Dijeron que ninguna criada podría durar un solo día en la mansión Carter. Ni uno solo....

Yo no pensé. Corrí.

El conductor estaba desplomado sobre el volante, con sangre manando de un corte en la frente. Abrí la puerta de un tirón.

—Señor, ¿me oye? No mueva el cuello. Quédese quieto.

Mi voz era firme, aunque mi corazón martilleaba contra mis costillas. Presioné mi bufanda contra su herida y grité a la multitud:

—¡Que alguien llame al 112! ¡Ahora!

El hombre abrió los ojos, azules y confundidos.

—Estás bien —le dije—. Vas a estar bien. Respira.

Me quedé con él hasta que llegó la ambulancia.
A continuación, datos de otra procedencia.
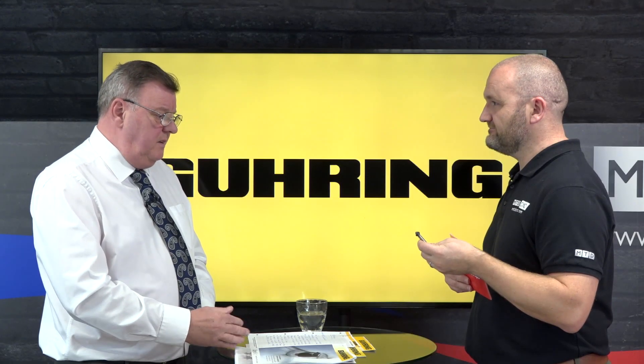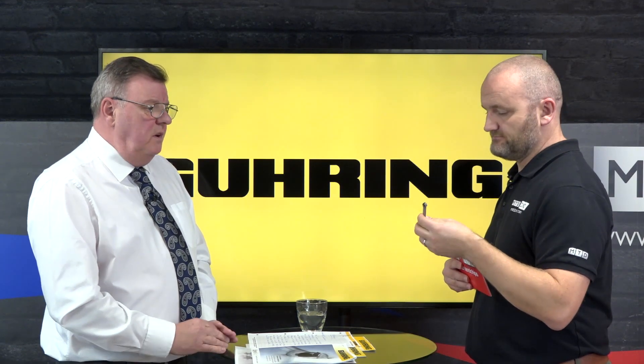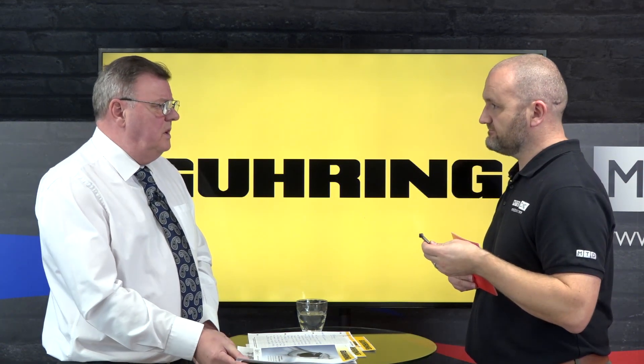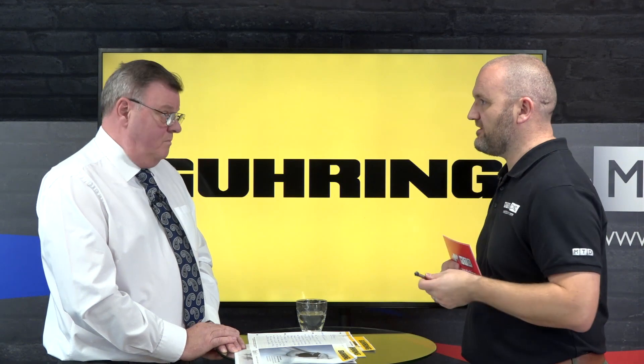And Gühring, you're pretty much a go-to company for tools like this — countersinks — so do you see it being a good seller, will this replace some of your older tools? It carries a premium price, so it's going to be more expensive than the standard, but for somebody who counter-sinks a lot of holes in assembly work — whether it's in the rail industry or shipbuilding — it's an ideal opportunity to use something that's going to last a lot longer. I look forward to seeing some in the field, thanks Dave.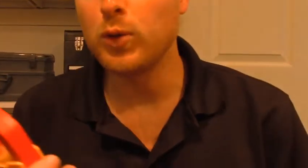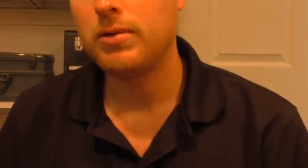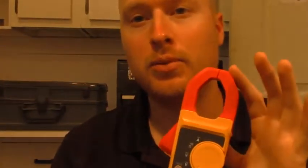Hello, this is a review of the Fluke 323 clamp-on meter. Here's the package it comes in — pretty nice case. You get the clamp meter and they also give you a set of test leads. I bought this on Amazon where it had really good reviews, so I purchased it because my other meter went bad — I had an Ideal clamp meter that I'm sending back under warranty. I've always liked Fluke products; I have some of their ring-out and voltage test meters and they're some of the best you can use.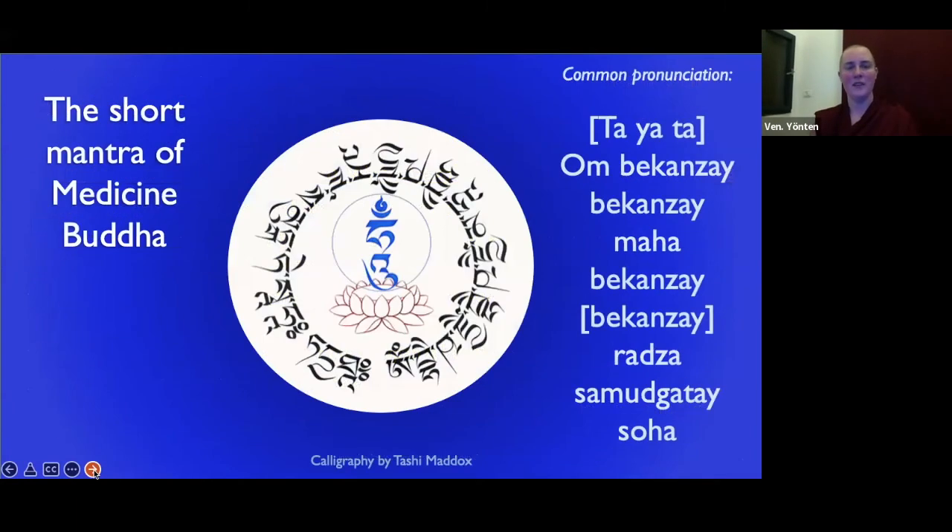So the Medicine Buddha mantra — the common pronunciation is: tayata om bekanze bekanze maha bekanze bekanze radza samugate soha. Everybody's going to say it slightly different. There's the very precise Sanskrit way and the very Tibetan accented way. The best thing you can do is try to say it the way your own teacher has said it, then connect with strong faith and proceed without getting too tight about perfecting the pronunciation. Just do your best and let go.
Cuando los paramédicos se hicieron cargo, intenté escabullirme. Pero él me agarró la muñeca. Su mano era suave, de alguien que nunca ha trabajado en el campo ni en una fábrica.

—Espera… ¿cómo te llamas?

—Serafina —dije—. Serafina Álvarez.

Me estudió como si quisiera memorizar mi cara.

—Soy Leandro Quintana. Gracias.

Asentí y me fui. No sabía quién era Leandro Quintana. No leía las revistas del corazón ni seguía los chismes de la alta sociedad madrileña. Para mí, solo era otro ser humano que necesitaba ayuda.